We purchased our property in 1996 and built a house that same year. We have your standard, "new" small-town lot - 5 acres on a cul-de-sac. We bought it because of the location, the thick woods and, most of all, because it was the lowest price lot we looked at.
At the time we purchased the lot, the road in front of it was gravel (Class 5 for you rural folk, aggregate for you engineers). The year after we built, the city improved the road to an asphalt surface (tar or bituminous, respectively). The city graciously picked up half the cost of this road and assessed the rest back to us. This was a good deal and we gladly paid the $3,300 assessment (financing provided by the city to boot).
So our share of the road was initially subsidized $3,300. Let's assume my taxes have not increased since 1997 (they have, but it helps makes the point). Let's also assume that the city has spent the same amount - roughly 35% of the budget - on road improvements each year (that is also not true - it has been increasing, but it also makes the point). Based on these assumptions, it will take the city more than 37 years just to repay the initial subsidy.
$252/year tax contribution x 35% portion dedicated to roads = $88/year contribution to roads
$3,300 initial road subsidy / $88/year contribution = 37.4 years
Now consider the obvious fact that by the time the city "breaks even" on this "investment", the road will have been maintained for 37 years, including at least one major maintenance project (resurfacing). Not so obvious is that Minnesota law would prevent the city from legally assessing for the cost of the maintenance since I would see no increase in property value (they may assess anyway - many cities do, despite the fact that it is not technically legal). You can also add to the analysis the fact that I skewed the numbers to shorten the repayment. My taxes have increased since 1997 and the percentage of the city budget that went to roads was less, so my contribution is actually even lower than this scenario represents.
The time to "break even" is essentially never - my road will always cost my neighbors more to maintain for me than I will ever contribute to the effort.
Now let's examine another scenario, because I can just hear people screaming that their city would never be so stupid and would require the developer to build the road before the city would take it over. Actually, my city is not so stupid because they now require this as well. So does the development pay if the developer fronts the cost of the improvements?
Nope. Not even close.
Let's start with some more assumptions. Assume that my taxes hold steady at 2009 levels during the 20-year estimated life of the roadway. Let's also assume that the cost of replacement is the same as the initial cost of construction. While my taxes won't hold steady, they won't vary nearly as much as the cost of road improvements, which will be many times higher in 2017 than the 1997 cost of $6,600.

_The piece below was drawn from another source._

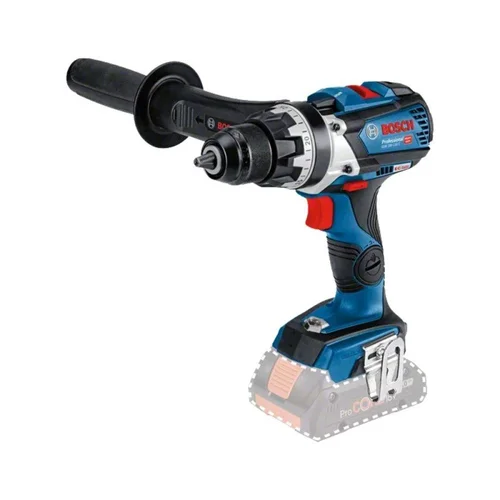 Bosch GSR 18V-110 C CT Solo akumuliatorinis suktuvas-gręžtuvas image 1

(Note: I could run present and future worth analysis for all of this, but these basic numbers demonstrate the absurdity of the situation so clearly that this extra effort on my behalf is not necessary. Especially when the extra effort would only make the situation more absurd - my estimate here is actually better than reality.)
$88/year contribution to roads x 20 years = $1,764 total 20-year contribution to rebuilding my road
$6,600 cost of rebuilding - $1,764 contribution = $4,836 city subsidy in the year 2017
So my neighbors are going to pay nearly three-fourths of the cost of maintaining my road for me. I'll make sure and wave to my neighbors. Perhaps host a block party or something.
Readers should know that the numbers for sewer, water, storm sewer and other major infrastructure is even more skewed.
I can now hear readers asking me how, if the numbers are this absurd, do small towns stay in business? The hard reality is that they are not. Small towns survive and cash flow using four different mechanisms:
- Subsidy from federal, state and regional governments.
- Taking on debt.
- The Small Town Ponzi Scheme (taking revenue from new development to fix old development).
- Transfers from net-positive tax-paying properties to subsidized properties.
We'll talk about these four mechanisms some other time, but I'll conclude by pointing out that only one of these is a stable, long-term strategy (hint: not the first three listed).
Will federal, state and regional subsidies continue? Can small towns continue to take on debt? How much longer until ponzi schemes start failing?
The time to start building Strong Towns is now.